- Occupation: Historian
- Children: 2
- Awards: Katherine Singer Kovács Society for Cinema and Media Studies Book Award (2019); Guggenheim Fellowship (2021); ;

Academic background
- Alma mater: University of Wisconsin–Madison; The New School for Social Research; University of Texas at Austin; ;
- Thesis: "Hitch your antenna to the stars!": early television and the renegotiation of broadcast stardom (1999)
- Doctoral advisor: Janet Staiger

Academic work
- Discipline: Television studies
- Institutions: Brooklyn College; New York University; ;

= Susan Murray (historian) =

American historian

Susan Dorrit Murray is an American historian who specializes in television studies. A 2021 Guggenheim Fellow, she is author of Hitch Your Antenna to the Stars (2005) and Bright Signals (2018) – winning the 2019 Katherine Singer Kovács Society for Cinema and Media Studies Book Award for the latter – as well as co-editor of Reality TV: Remaking Television Culture (2004). She is Professor of Media, Culture, and Communication at the Steinhardt School of Culture, Education, and Human Development.

==Biography==
Murray was born to Donald and Dorrit Murray. She attended the University of Wisconsin–Madison, where she got a BA in journalism in 1989; The New School for Social Research, where she got a MA in media studies in 1994; and the University of Texas at Austin, where she got a PhD in radio, television, and film in 1999. Her doctoral dissertation "Hitch your antenna to the stars!": early television and the renegotiation of broadcast stardom was supervised by Janet Staiger.

Murray originally worked at the Brooklyn College Department of Television and Radio as an assistant professor from 1999 to 2001, when she moved to New York University. She was promoted to associate professor in 2007 and full professor in 2019. She became the NYU Department of Media, Culture, and Communication's graduate studies director in 2019 and eventually department chair in 2021. She was the 2010 Wolf Visiting Professor of Television Studies at the University of Pennsylvania.

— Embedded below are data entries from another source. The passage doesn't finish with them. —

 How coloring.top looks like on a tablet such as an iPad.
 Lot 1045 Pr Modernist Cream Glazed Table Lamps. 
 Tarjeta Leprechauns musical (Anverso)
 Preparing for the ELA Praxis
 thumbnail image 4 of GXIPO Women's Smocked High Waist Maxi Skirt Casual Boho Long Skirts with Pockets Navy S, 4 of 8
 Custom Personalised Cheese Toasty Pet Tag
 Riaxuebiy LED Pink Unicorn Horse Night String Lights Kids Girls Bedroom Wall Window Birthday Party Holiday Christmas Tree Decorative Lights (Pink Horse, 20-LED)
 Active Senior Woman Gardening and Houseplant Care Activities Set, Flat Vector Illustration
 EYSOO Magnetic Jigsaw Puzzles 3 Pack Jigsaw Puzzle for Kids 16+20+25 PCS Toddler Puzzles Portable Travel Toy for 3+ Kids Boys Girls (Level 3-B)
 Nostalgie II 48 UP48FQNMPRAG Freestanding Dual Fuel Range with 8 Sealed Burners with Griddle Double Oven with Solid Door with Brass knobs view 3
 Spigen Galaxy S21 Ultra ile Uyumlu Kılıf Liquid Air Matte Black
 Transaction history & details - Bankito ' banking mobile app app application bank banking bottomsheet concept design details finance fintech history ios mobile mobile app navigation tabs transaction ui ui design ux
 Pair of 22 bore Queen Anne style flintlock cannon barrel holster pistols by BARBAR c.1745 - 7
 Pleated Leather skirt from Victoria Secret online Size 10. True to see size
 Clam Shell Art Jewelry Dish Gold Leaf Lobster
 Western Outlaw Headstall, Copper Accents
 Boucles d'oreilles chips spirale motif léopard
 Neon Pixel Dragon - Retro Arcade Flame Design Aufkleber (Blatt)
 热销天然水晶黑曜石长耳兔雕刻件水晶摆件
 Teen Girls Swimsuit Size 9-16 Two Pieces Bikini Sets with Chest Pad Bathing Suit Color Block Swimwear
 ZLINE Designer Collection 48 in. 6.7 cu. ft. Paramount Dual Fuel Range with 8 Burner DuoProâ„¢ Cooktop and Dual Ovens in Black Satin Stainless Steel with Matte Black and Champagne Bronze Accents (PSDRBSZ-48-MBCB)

As a historian, Murray specializes in television studies. In 2004, she and Laurie Ouellette co-edited a volume on reality television, Reality TV: Remaking Television Culture. In 2005, she published Hitch Your Antenna to the Stars, a book on the rise of the television star in early television. She won the 2019 Katherine Singer Kovács Society for Cinema and Media Studies Book Award and the 2019 International Association for Media and History-Michael Nelson Book Prize for Bright Signals, a 2018 history book on color television. In 2021, she was awarded a Guggenheim Fellowship in
Film, Video, & New Media Studies.

Murray has two children.

==Bibliography==
- (co-edited with Laurie Ouellette) Reality TV: Remaking Television Culture (2004)
- Hitch Your Antenna to the Stars (2005)
- Bright Signals (2018)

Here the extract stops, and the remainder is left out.